Optimizers and Learning Rate Adjustments

Optimizers control how a model updates its weights during training. Most optimizers are based on SGD. Choosing the right optimizer and learning rate can significantly impact training efficiency.

Types of Optimizers

Optimizer	Description
SGD (Stochastic Gradient Descent)	Standard optimizer, may converge slowly but generalizes well.
Momentum-Based SGD	Uses past gradients to accelerate learning.
Adam (Adaptive Moment Estimation)	Adjusts learning rate dynamically, commonly used.
RMSprop	Handles non-stationary learning rates, useful for RNNs.

Learning Rate Schedulers

Schedulers adjust learning rates during training to improve convergence.

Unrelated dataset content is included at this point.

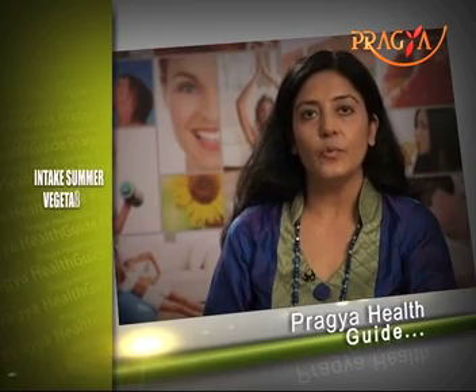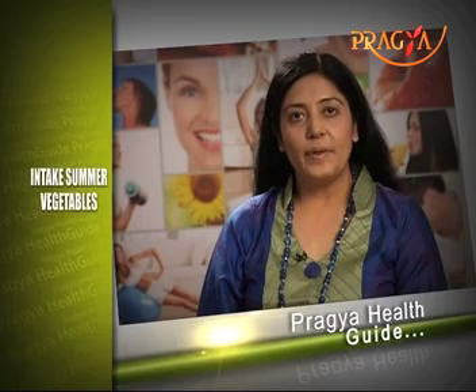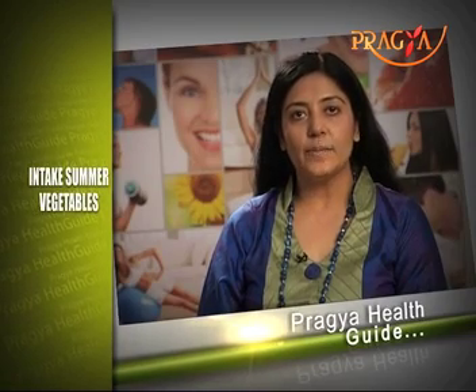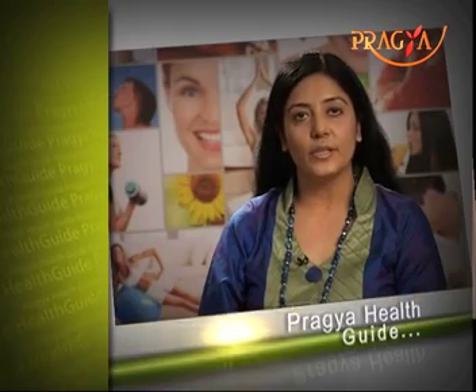Don't overcook them so that your body stays cool in summers. Because your digestion is weak in summer, these light summer vegetables are very easy to digest.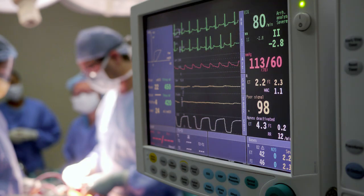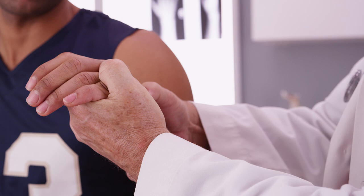Some UCL injuries do need to be fixed. Sometimes the ligament can tear and flip outside of other tendons, and then it won't heal no matter what. A hand surgeon — who is who you should probably see for this — can do exam tests to assess how loose your thumb is, compare it to the opposite side, and if it's really lax, will tell you it needs to be fixed surgically.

from torch.optim.lr_scheduler import StepLR

scheduler = StepLR(optimizer, step_size=10, gamma=0.1)  # Reduce LR every 10 epochs

Common Learning Rate Strategies

Step Decay: Reduces learning rate at regular intervals.
Exponential Decay: Gradually decreases learning rate.
Cyclic Learning Rates: Alternates between high and low learning rates.

Other Techniques for Avoiding Overfitting

Overfitting occurs when a model performs well on training data but poorly on new data. Below are effective strategies to prevent overfitting.

A. Dropout Regularization

Randomly drops neurons during training, forcing the network to learn more robust features.

import torch.nn as nn

model = nn.Sequential(
    nn.Linear(256, 128),
    nn.ReLU(),
    nn.Dropout(0.5),  # 50% dropout
    nn.Linear(128, 10)
)

B. Batch Normalization

Normalizes activations across mini-batches, improving training stability.

model = nn.Sequential(
    nn.Linear(256, 128),
    nn.BatchNorm1d(128),  # Normalize layer activations
    nn.ReLU(),
    nn.Linear(128, 10)
)

C. L2 Regularization (Weight Decay)

Adds a penalty to large weight values, reducing overfitting.

optimizer = optim.Adam(model.parameters(), lr=0.001, weight_decay=1e-5)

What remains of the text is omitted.